1. Credit cards and mortgages
This credit option is simple and straightforward. A credit card is revolving credit while a mortgage is an installment loan. By opening these two lines of credit, you have already built credit diversity.
2. Student loans, credit cards, and utility bills
Utility bills are considered open lines of credit, and on-time payments can be used to boost your credit score. In addition to utility bills, revolving credit in the form of credit cards and installment loans in the form of student loans come together to create an ideal credit mix. This credit mix can be achieved even while still attending college, making it possible for twenty-year-olds. It is never too early to build a good credit mix!
3. Auto loans, store credit cards, and mortgages
This credit mix combines revolving credit in the form of store credit cards and installment loans in the form of an auto loan and a mortgage. When paired together and managed responsibly, this diverse credit portfolio demonstrates diversity and creditworthiness.

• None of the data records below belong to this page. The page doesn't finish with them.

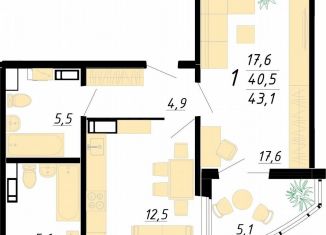 Продам 1-комнатную квартиру, 43.1 м2, Воронеж, Советский район, улица Полковника Богомолова, 1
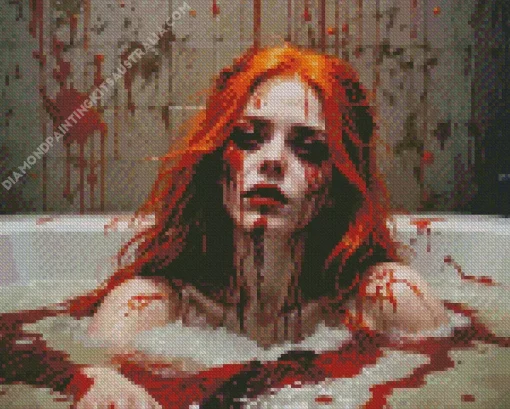 Scary Lady In Bathtub Diamond Painting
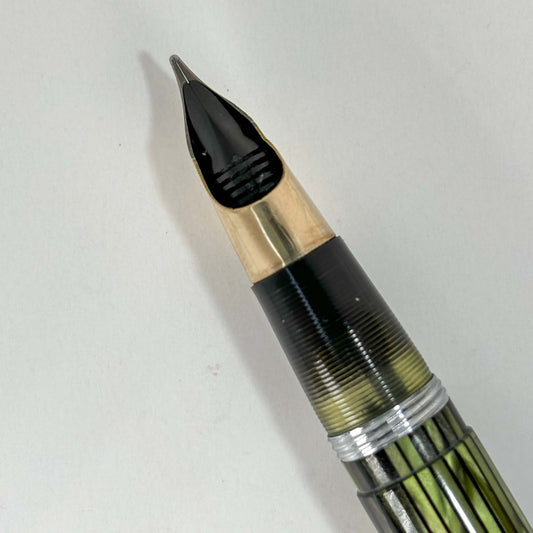 Sheaffer Triumph Lifetime Fountain Pen, Marine Green with Large Gold-Filled Cap Band, Restored Vac-Fil, Two-tone 14K Fine-Med Nib Ozark Pen Shop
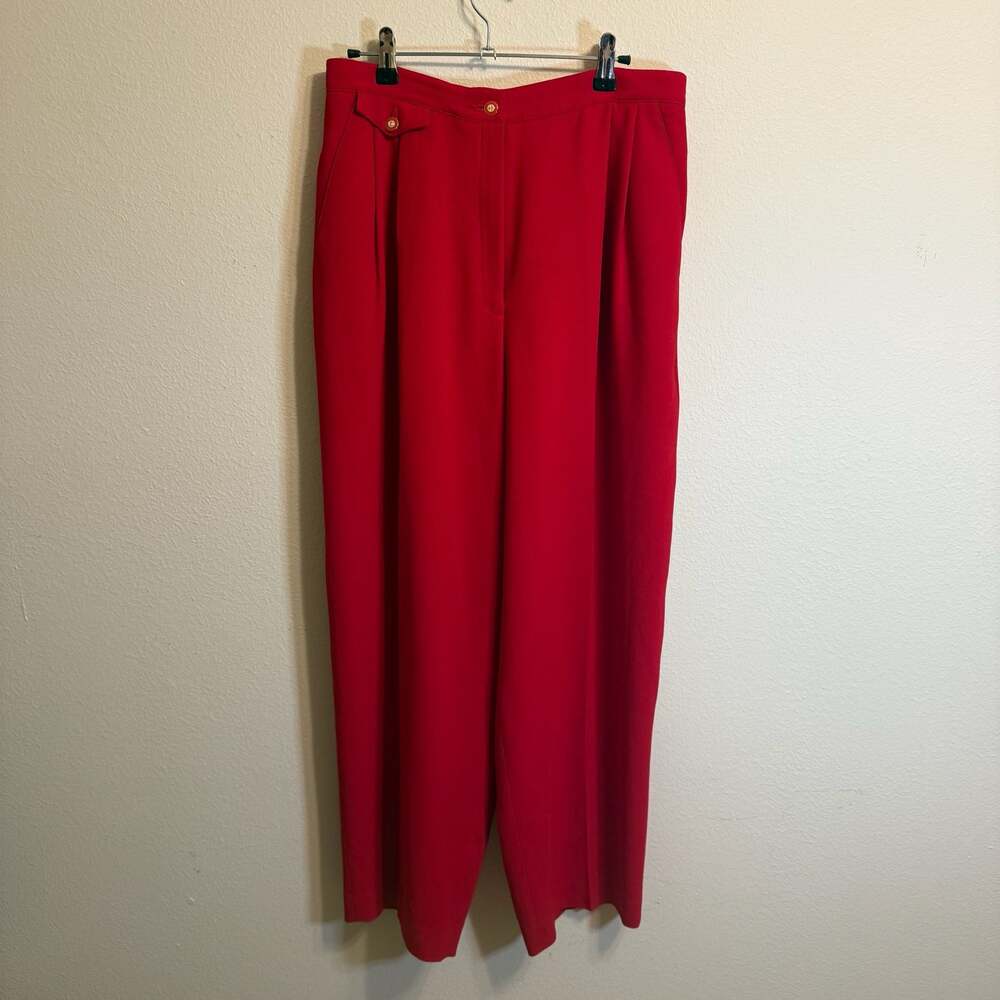 Vintage Liz Claiborne Petite Collection Red Pleated Trousers Size 14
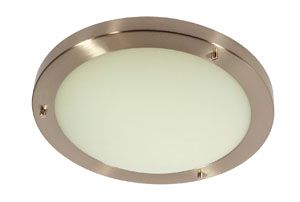 IP44 rated satin silver flush ceiling light W 30cm ID Large View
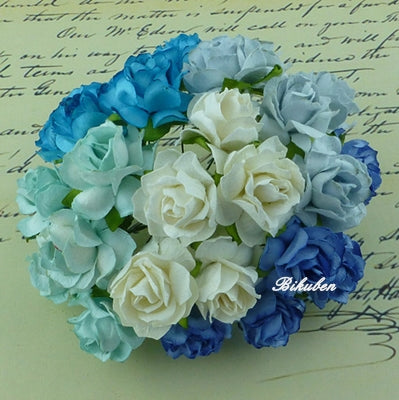Wild Orchid - Wild Roses - Mixed Blue, Aqua & White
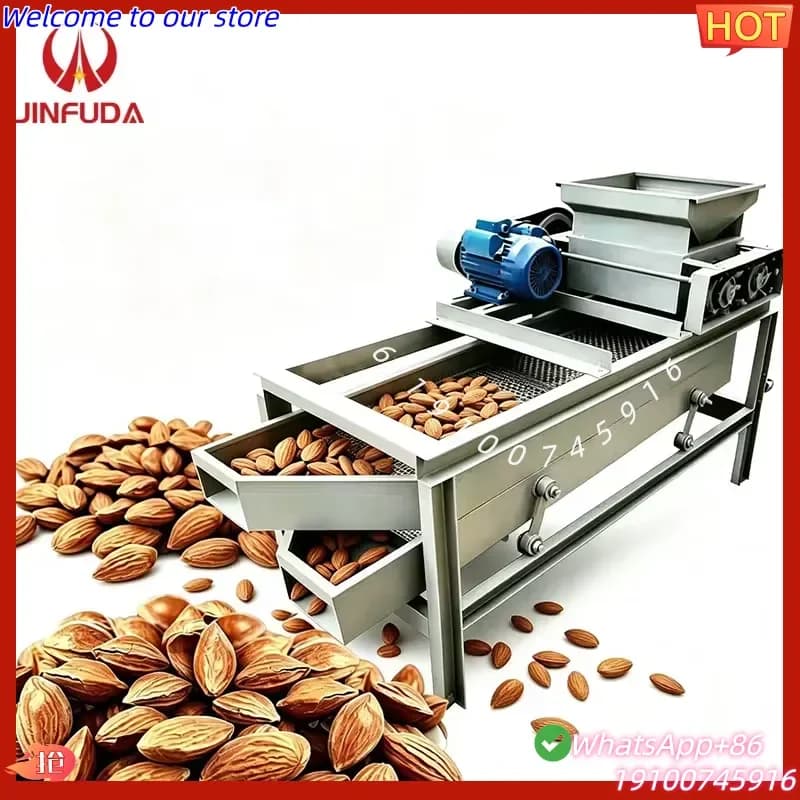 2026Hot Durable Shock Resistant Base Nut Processing Equipment for Almond Long Time Non-stop Nut Hulling, Nut Shelling Machine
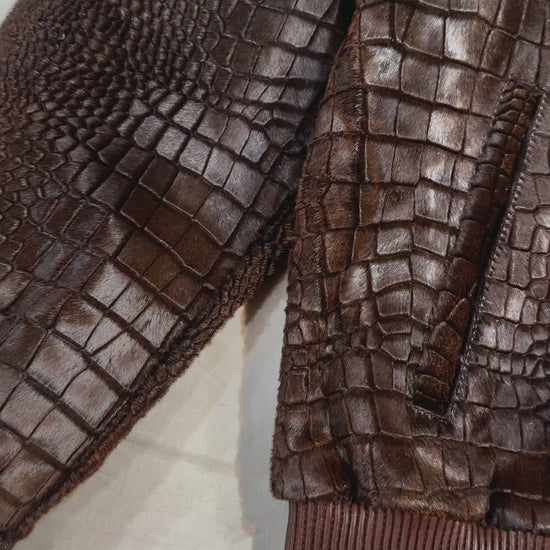 Kashani Chocolate Brown Pony Hair Alligator Print Bomber Jacket - Dudes Boutique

4. Store lines of credit and business loans
Even without a credit card, a store line of credit is still a type of revolving credit. Paired with the installment loan in the form of a business loan, a borrower who has a store line of credit and business loans will subsequently have credit diversity, demonstrating this individual’s ability to manage different types of credit.
Diversifying your credit is easy
The key to credit diversity is awareness of the different types of debt and how lenders view them. Understanding the difference between revolving credit, open credit, and installment loans is the first step to learning how to diversify your credit.
However, you don’t have to get a mortgage or another loan in order to diversify your credit. It can be as easy as opening a MoneyLion Credit Builder Plus membership with the types of credit that you already have. MoneyLion is here to help you protect your credit despite any unexpected life event and continue to build a good credit score no matter what.
Frequently Asked Questions
What is the fastest way to build credit?
The fastest way to build credit is to pay all of your bills on time, pay off debt as soon as possible, and dispute any errors on your credit report. You can also ask for a higher credit card limit, open another credit card, or keep all of your credit cards open even after you pay them off.
Can your credit score increase in a month?
Yes, your credit score can increase in a month if you take measures to pay off your debt or diversify your credit.
Is it good to diversify your credit cards?
While diversifying your credit cards won’t improve your credit diversity, it can be advantageous in terms of improving your credit ratio. Many consumers choose to diversify their credit cards to take advantage of the many bonuses offered by different credit cards. Just be sure to pay them off regularly and manage your open credit lines responsibly!